In the HBase chapter of Tom White's book Hadoop: The Definitive Guide (O'Reilly) there is a an optimization note on watching out for a phenomenon where an import process walks in lock-step with all clients in concert pounding one of the table's regions (and thus, a single node), then moving onto the next region, etc. With monotonically increasing row-keys (i.e., using a timestamp), this will happen. See this comic by IKai Lan on why monotonically increasing row keys are problematic in BigTable-like datastores: monotonically increasing values are bad. The pile-up on a single region brought on by monotonically increasing keys can be mitigated by randomizing the input records to not be in sorted order, but in general its best to avoid using a timestamp or a sequence (e.g. 1, 2, 3) as the row-key.
If you do need to upload time series data into HBase, you should study OpenTSDB as a successful example. It has a page describing the schema it uses in HBase. The key format in OpenTSDB is effectively [metric_type][event_timestamp], which would appear at first glance to contradict the previous advice about not using a timestamp as the key. However, the difference is that the timestamp is not in the lead position of the key, and the design assumption is that there are dozens or hundreds (or more) of different metric types.
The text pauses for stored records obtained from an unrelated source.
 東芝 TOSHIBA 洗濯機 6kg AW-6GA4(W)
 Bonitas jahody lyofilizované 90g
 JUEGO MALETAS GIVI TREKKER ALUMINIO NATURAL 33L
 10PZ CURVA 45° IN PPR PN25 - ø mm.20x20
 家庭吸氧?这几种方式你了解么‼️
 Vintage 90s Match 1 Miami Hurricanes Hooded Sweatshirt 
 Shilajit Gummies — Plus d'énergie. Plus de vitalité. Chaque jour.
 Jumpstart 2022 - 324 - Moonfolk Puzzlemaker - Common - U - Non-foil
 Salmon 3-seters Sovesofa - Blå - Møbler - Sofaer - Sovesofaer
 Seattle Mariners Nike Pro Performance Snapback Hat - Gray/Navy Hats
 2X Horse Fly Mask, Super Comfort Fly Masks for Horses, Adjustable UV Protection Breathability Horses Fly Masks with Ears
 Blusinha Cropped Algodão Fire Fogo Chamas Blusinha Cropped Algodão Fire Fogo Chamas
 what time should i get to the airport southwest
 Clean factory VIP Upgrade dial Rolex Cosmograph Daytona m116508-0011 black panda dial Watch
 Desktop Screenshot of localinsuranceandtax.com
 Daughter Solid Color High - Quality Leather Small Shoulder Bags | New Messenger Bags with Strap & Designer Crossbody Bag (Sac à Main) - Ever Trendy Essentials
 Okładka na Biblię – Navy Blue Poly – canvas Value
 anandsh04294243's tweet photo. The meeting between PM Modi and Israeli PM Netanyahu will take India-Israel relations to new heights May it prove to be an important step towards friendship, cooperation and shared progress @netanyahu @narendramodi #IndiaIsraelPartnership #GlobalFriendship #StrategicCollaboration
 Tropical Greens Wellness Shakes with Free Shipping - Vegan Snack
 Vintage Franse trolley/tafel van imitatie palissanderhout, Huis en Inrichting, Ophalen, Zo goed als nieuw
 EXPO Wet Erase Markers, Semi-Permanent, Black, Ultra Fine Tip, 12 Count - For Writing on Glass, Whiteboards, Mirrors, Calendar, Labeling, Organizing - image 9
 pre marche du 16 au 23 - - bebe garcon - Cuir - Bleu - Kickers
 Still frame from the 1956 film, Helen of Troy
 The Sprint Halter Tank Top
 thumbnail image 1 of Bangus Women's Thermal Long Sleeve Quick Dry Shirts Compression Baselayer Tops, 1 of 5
Thus, even with a continual stream of input data with a mix of metric types, the Puts are distributed across various points of regions in the table.
In HBase, values are always freighted with their coordinates; as a cell value passes through the system, it'll be accompanied by its row, column name, and timestamp - always. If your rows and column names are large, especially compared to the size of the cell value, then you may run up against some interesting scenarios. One such is the case described by Marc Limotte at the tail of HBASE-3551 (recommended!). Therein, the indices that are kept on HBase storefiles (Section 8.6.4.2, “StoreFile (HFile)”) to facilitate random access may end up occupyng large chunks of the HBase allotted RAM because the cell value coordinates are large. Mark in the above cited comment suggests upping the block size so entries in the store file index happen at a larger interval or modify the table schema so it makes for smaller rows and column names. Compression will also make for larger indices. See the thread a question storefileIndexSize up on the user mailing list.
Most of the time small inefficiencies don't matter all that much. Unfortunately, this is a case where they do. Whatever patterns are selected for ColumnFamilies, attributes, and rowkeys they could be repeated several billion times in your data.
See Section 8.6.4.4, “KeyValue” for more information on HBase stores data internally.
Try to keep the ColumnFamily names as small as possible, preferably one character (e.g. "d" for data/default).
Although verbose attribute names (e.g., "myVeryImportantAttribute") are easier to read, prefer shorter attribute names (e.g., "via") to store in HBase.
Keep them as short as is reasonable such that they can still be useful for required data access (e.g., Get vs. Scan). A short key that is useless for data access is not better than a longer key with better get/scan properties. Expect tradeoffs when designing rowkeys.
A long is 8 bytes. You can store an unsigned number up to 18,446,744,073,709,551,615 in those eight bytes. If you stored this number as a String -- presuming a byte per character -- you need nearly 3x the bytes.
Not convinced? Below is some sample code that you can run on your own.
// long // long l = 1234567890L; byte[] lb = Bytes.toBytes(l); System.out.println("long bytes length: " + lb.length); // returns 8 String s = "" + l; byte[] sb = Bytes.toBytes(s); System.out.println("long as string length: " + sb.length); // returns 10 // hash // MessageDigest md = MessageDigest.getInstance("MD5"); byte[] digest = md.digest(Bytes.toBytes(s)); System.out.println("md5 digest bytes length: " + digest.length); // returns 16 String sDigest = new String(digest); byte[] sbDigest = Bytes.toBytes(sDigest); System.out.println("md5 digest as string length: " + sbDigest.length); // returns 26
A common problem in database processing is quickly finding the most recent version of a value. A technique using reverse timestamps
as a part of the key can help greatly with a special case of this problem. Also found in the HBase chapter of Tom White's book Hadoop: The Definitive Guide (O'Reilly),
the technique involves appending (Long.MAX_VALUE - timestamp
) to the end of any key, e.g., [key][reverse_timestamp].
The most recent value for [key] in a table can be found by performing a Scan for [key] and obtaining the first record. Since HBase keys are in sorted order, this key sorts before any older row-keys for [key] and thus is first.
This technique would be used instead of using Section 6.4, “ Number of Versions ” where the intent is to hold onto all versions "forever" (or a very long time) and at the same time quickly obtain access to any other version by using the same Scan technique.
Rowkeys are scoped to ColumnFamilies. Thus, the same rowkey could exist in each ColumnFamily that exists in a table without collision.
Rowkeys cannot be changed. The only way they can be "changed" in a table is if the row is deleted and then re-inserted. This is a fairly common question on the HBase dist-list so it pays to get the rowkeys right the first time (and/or before you've inserted a lot of data).